China’s markets are tumbling again as its economy continues to show signs of weakness. And while China’s government will intervene strenuously to reverse this, the unavoidable truth is that the country’s economic growth will continue to decelerate from its current 7% to a significantly lower growth rate — perhaps near zero. Indeed, it could come to look very much like the kind of near-zero growth that Japan has been experiencing since the 1990s.
With the recent plunge, the Shanghai Index is down more than 38% from its June peak, but it is still up almost 44% from a year ago. With this in mind, some analysts believe China’s stocks actually remain at high valuations.
But stock markets are generally a secondary indicator, and the real issues are better reflected in the growing list of concerning reports on China’s underlying economic trends. Auto sales actually declined 3% in June. Sales of smartphones are down 4%. Manufacturing surveys show contraction, and producer prices have now fallen for three consecutive years. Though the official GDP growth rate is still 7%, many economists estimate that it is closer to 4%, and one suggests that GDP growth is now negative.

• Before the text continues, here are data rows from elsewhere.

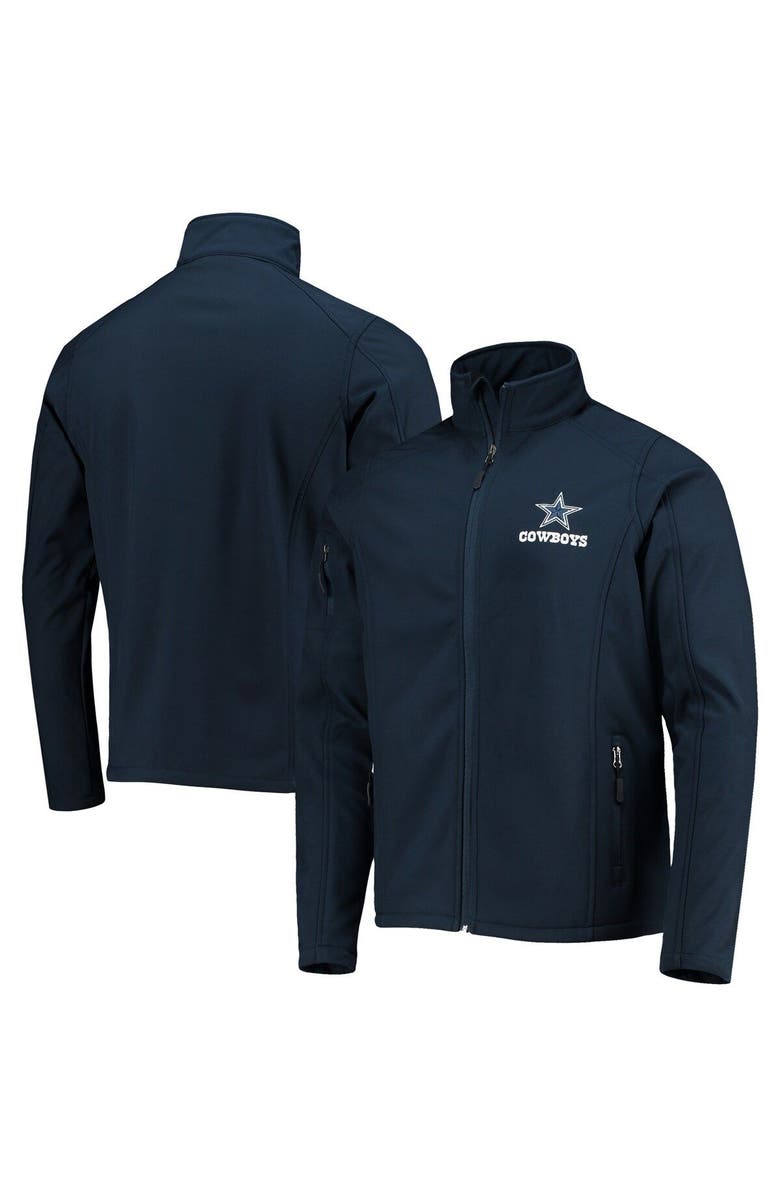 DUNBROOKE Men's Dunbrooke Navy Dallas Cowboys Sonoma Softshell Full-Zip Jacket, Main, color, 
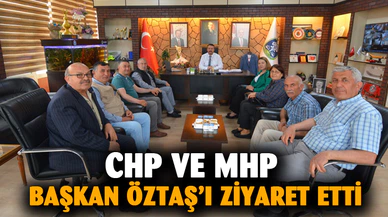 Sandıklı MHP ve CHP teşkilatından Başkan Öztaş’a ziyaret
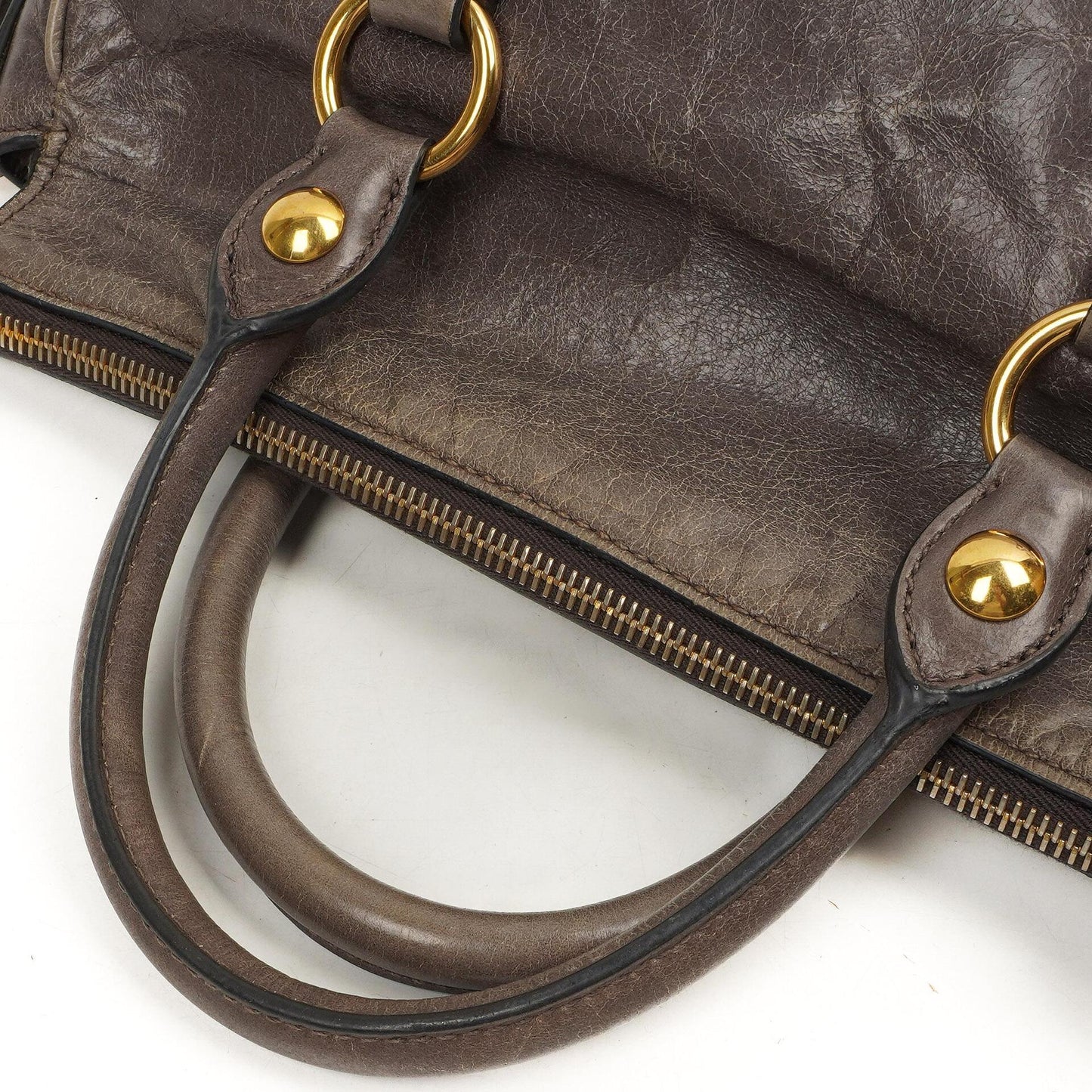 Miu Miu Vitello Lux Fumo Bow Tasche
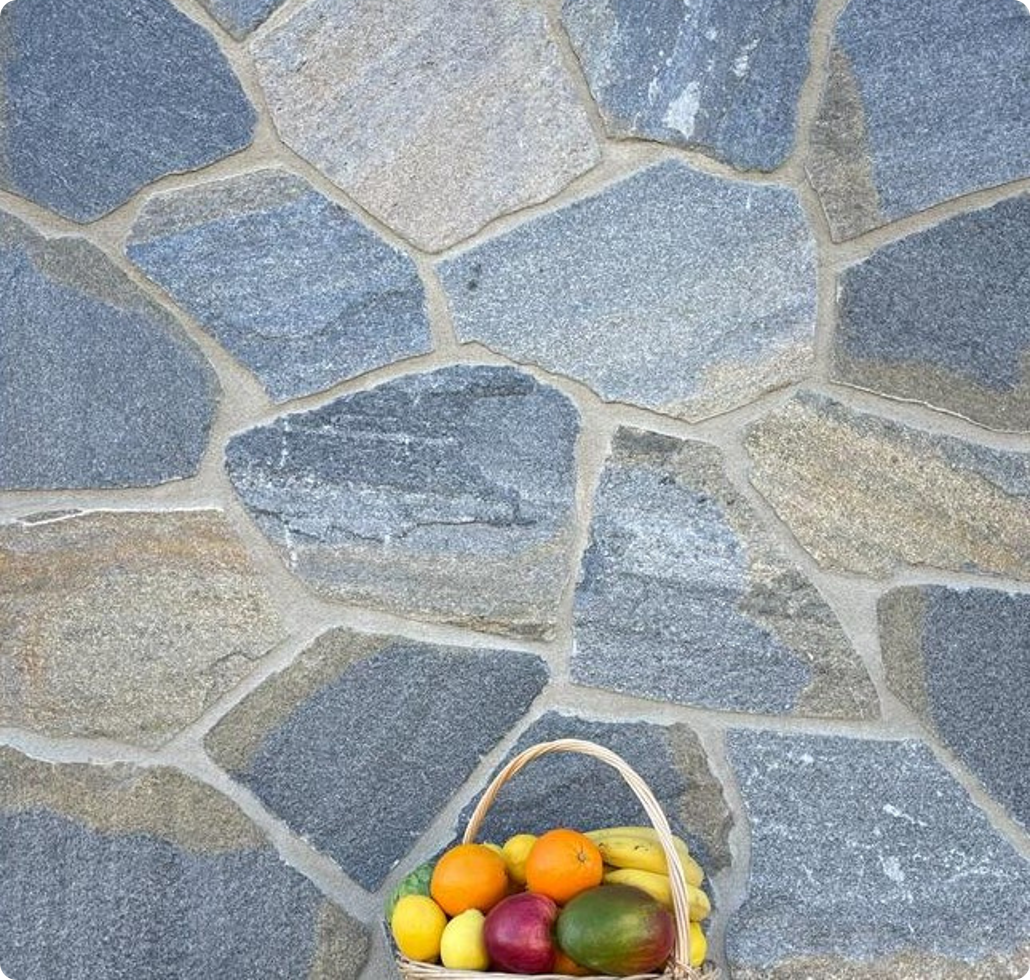quartzite azul nuancé – pierre naturelle bleue nuancée pour sol et mur (prix au m²)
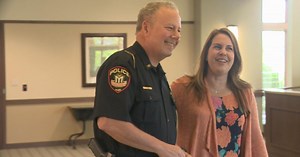 Middleton Police Chief receives Hometown Hero Award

Since 2008, China’s businesses have been on a borrowing and building binge, amassing the highest level of overcapacity and bad debt in history.
As one example, more than one in five homes in China’s cities is empty, with 49 million sold but vacant units, and 3.5 million homes that remain unsold . Meanwhile, private debt has grown by $15.5 trillion, making what I now estimate is an astonishing $2 trillion to $3 trillion in problem loans in the process. Private debt to GDP in China now stands at 215%, well above still-high private debt levels in the United States, the Eurozone and Japan. And a rapid rise in private debt has been the principle factor in essentially all major financial crises, from Japan’s in 1991, to Asia’s 1997 crisis and to the 2008 crisis in the United States and Europe.
The fact of China’s overcapacity will inevitably bring continued deceleration — probably for years — since if it already has far too much real estate, iron, steel, aluminum and other commodities, business activity must slow down while demand catches up. And for that same reason, there will continue to be downward pressure on nonagricultural commodity prices. Even oil prices are impacted in this downdraft.
True, China will move assertively to stem China’s stock market and GDP decline, but this is no easy task. For example, the People’s Bank of China is now considering a half-percentage-point reduction in banks’ reserve-requirement ratio, potentially releasing over $100 billion in funds for banks to make loans. Though this may temporarily buoy the perceptions of market participants, it won’t make any durable difference. More lending is not the antidote, and even if it were, the amount being freed up with this reported move is immaterial.
This contemplated action follows a massive campaign to prop up stocks: China has suspended new IPOs, injected funds into state-owned entities that lend to brokers to purchase shares, extracted pledges from brokerage firms to buy shares, relaxed margin requirements, allowed apartments as collateral for margin loans, banned stock sales for large owners and vilified short sellers. And it will surely pull even more levers to try a prop up its markets.
But even if China’s policymakers have short-term success in this regard, overcapacity levels are so large that the economy will continue to decelerate, commodity prices will remain under pressure and markets will eventually and inevitably seek their own level.
And the world is feeling the effects of China’s woes.
Throughout the Asia/Pacific region, countries have built an overdependence on China’s demand for their exports, incurring large amounts of their own internal private debt in the process. The combination of China’s slowdown and devaluation is bringing the specter of crisis to these countries. Countries throughout Africa and South America are facing a similar plight. Corporations in the United States and Europe will be less impacted, but China is now so large that many of them will also feel some measure of this pain.
How should China address its problems? The reality is that there is no quick fix. But since high private debt levels and overcapacity brought these problems, then addressing high private debt and overcapacity has to be central to the solution. China should prudently slow lending and growth, allowing demand to begin to catch up with overcapacity.
But it also needs to require its lenders to broadly restructure debt with overburdened corporate borrowers — leaving them better positioned to lead a more measured growth after the slowdown.
Ultimately, programs to systemically restructure private debt are the crucial missing link to restored financial vibrancy. Yet because the crucial and central role private debt plays has not been widely recognized, this approach to crisis management is absent from almost everyone’s thinking.
That’s a big problem. And it means unless there is a change in mindset, we may have to get used to the sort of roller coaster ride we saw in trading Monday. Or even worse.
Richard Vague is a managing partner with Gabriel Investments and the author of The Next Economic Disaster. The views expressed are his own.